Połowy tygodnia (30.)

avatar użytkownika tu.rybak
To nie jest polityk z mojej bajki w 100 procentach powiedział Tusk o swoim nowym ministrze rolnictwa. Tusk we wrześniu 2010 r. też wyrażał opinię w procentach: nie jestem usatysfakcjonowany w 100 proc. tym, co robią Rosjanie. Te procenty to nic przy precyzyjnie - ulubionym słówku Tuska wzmacniającym w jego mniemaniu pozycję męża stanu. Po mianowaniu niestuprocentowego ministra powiedział, że razem z Pawlakiem nakreślą bardzo precyzyjny scenariusz działań w resorcie. Zegarmistrz się znalazł...

Po ujawnieniu nagrań pokazujących w jaki sposób PSL okrada Polskę spodziewałem się naturalnego ataku PIS. Z listami członków PO i PSL, ich rodzin i znajomych w spółkach skarbu państwa, agencjach i urzędach. Długość list szacuję na jakieś 300 tys. osób. Niestety. Nawet "Gazeta Wyborcza" znalazła jedną agencję całkowicie rodzinnie obsadzoną przez PO, ale nie PIS. PIS czeka na ofensywę jesienną, a tymczasem zajmuje się Ziobrystami...

I nie tylko. Dwóch kojarzonych z PIS działaczy (Wojciechowski i Kuźmiuk, obaj d. PSL) wystawili nowemu ministrowi rolnictwa laurkę, jaki to on uczciwy. Uczciwy i w rządzie PO i PSL? Pogratulować samopoczucia...

Tymczasem Tusk spytany o ewentualny kryzys uspokoił opinię publiczną twierdząc, że rząd ma przygotowane różne scenariusze - a wśród nich także plan działań pobudzających gospodarkę, gdyby wzrost PKB w drugim półroczu br. "wyraźnie siadał". To mi akurat przypomniało pełne szuflady projektów ustaw, z którymi PO zdobyło władzę. Życie pokazało, że były puste...
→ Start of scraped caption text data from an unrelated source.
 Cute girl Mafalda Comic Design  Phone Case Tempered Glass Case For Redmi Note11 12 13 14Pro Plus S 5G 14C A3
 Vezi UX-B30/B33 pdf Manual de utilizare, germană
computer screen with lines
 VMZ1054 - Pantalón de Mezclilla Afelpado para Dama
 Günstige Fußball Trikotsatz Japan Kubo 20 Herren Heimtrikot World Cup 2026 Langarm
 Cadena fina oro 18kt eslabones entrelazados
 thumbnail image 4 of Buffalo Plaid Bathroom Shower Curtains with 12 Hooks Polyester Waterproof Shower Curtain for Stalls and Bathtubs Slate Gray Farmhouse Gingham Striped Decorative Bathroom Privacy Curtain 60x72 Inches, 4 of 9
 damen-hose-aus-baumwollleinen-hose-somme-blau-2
Jest u mnie na biurku cała lista możliwych działań i rozstrzygnięć także o charakterze legislacyjnym na wypadek różnych scenariuszy w Europie i na świecie, bo musimy byś przygotowani na szybkie reakcje, gdyby ta jesień okazała się bardziej dramatyczna niż przewidywano powiedział Tusk co mi skojarzyło się z pełnym biurkiem nieprzeczytanych raportów o nieprawidłowościach. Przywołując słowa samego Tuska, nie należy się spodziewać by czymkolwiek się zajął, gdyż, jak sam skromnie wyjaśnił: nie jestem w stanie zamienić się w superkontrolera i reagować osobiście na wszystkie sygnały...

9 komentarzy

avatar użytkownika Maryla

1. Rybaku

Donald to nie Super Mario, a ile bierze na swoje wątłe ramionka... wciąz koordynuje wszystkie słuzby osobiście, raz jest ministrem zdrowia, raz ministrem rolnictwa, a to z prezesem GUS ustala dane na koniec roku ..
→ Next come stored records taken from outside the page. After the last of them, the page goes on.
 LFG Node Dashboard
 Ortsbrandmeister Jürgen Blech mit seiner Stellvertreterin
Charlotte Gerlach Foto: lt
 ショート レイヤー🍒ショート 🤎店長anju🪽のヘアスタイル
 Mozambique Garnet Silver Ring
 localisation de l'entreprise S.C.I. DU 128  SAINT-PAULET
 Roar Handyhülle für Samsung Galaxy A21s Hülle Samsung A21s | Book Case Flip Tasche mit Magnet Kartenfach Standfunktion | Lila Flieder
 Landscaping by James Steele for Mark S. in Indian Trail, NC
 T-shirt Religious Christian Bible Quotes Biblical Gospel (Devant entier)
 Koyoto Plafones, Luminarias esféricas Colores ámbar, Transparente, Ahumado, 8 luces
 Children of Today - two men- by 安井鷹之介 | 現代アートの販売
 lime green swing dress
No i jak ma być superkontrolerem, jak Julia od Dorsza zasypała go ponoć tonami raportów o wydarzeniach z Pcimia Dolnego i Górnej Wolty i do dzisiaj nie zdołał przeczytać tego streszczenia Pitery z raportu NIK... Nawet na igrzyska nie pojechał, a mógł...
Ćwiczy angielski, zeby przywitać się z kandydatem na prezydenta w USA.
NO BO JAK MA DO NIEGO POWIEDZIEĆ?
Guten Tag, Ziomale?

Maryla

------------------------------------------------------

Stowarzyszenie Blogmedia24.pl

 

avatar użytkownika Goethe

2. Jedyne czym sie zajmnie...

...i to ze 100% pewnością to odparcie tego rzekomego jesiennego ataku PiS na PO i rzad...
Rozgrywki ze służbami w tle to jedyna aktywność Donalda jak do tej pory i tak będzie dalej...
Jedyne co go niepokoi to jesienne załamanie gospodarcze. Tym samym zagrożenie utratą stanowiska, więc się przygotowuje - na to z pewnością. W tym osiągnął mistrzostwo więc jestem dziwnie spokojny co do możliwości ofensywy PiS-u na jesień... nie ma takiej opcji. Dopiero na wiosnę. Dla nas jednak będzie już pozamiatane... i tu rodzi się pytanie o prawdziwe intencje i zamiary PiS w stosunku do Polski i tak szafowanego chętnie przez obydwie strony Narodu... ale to inna bajka o której wciąż przypominamy w serwisie i w dodatku "Wybory".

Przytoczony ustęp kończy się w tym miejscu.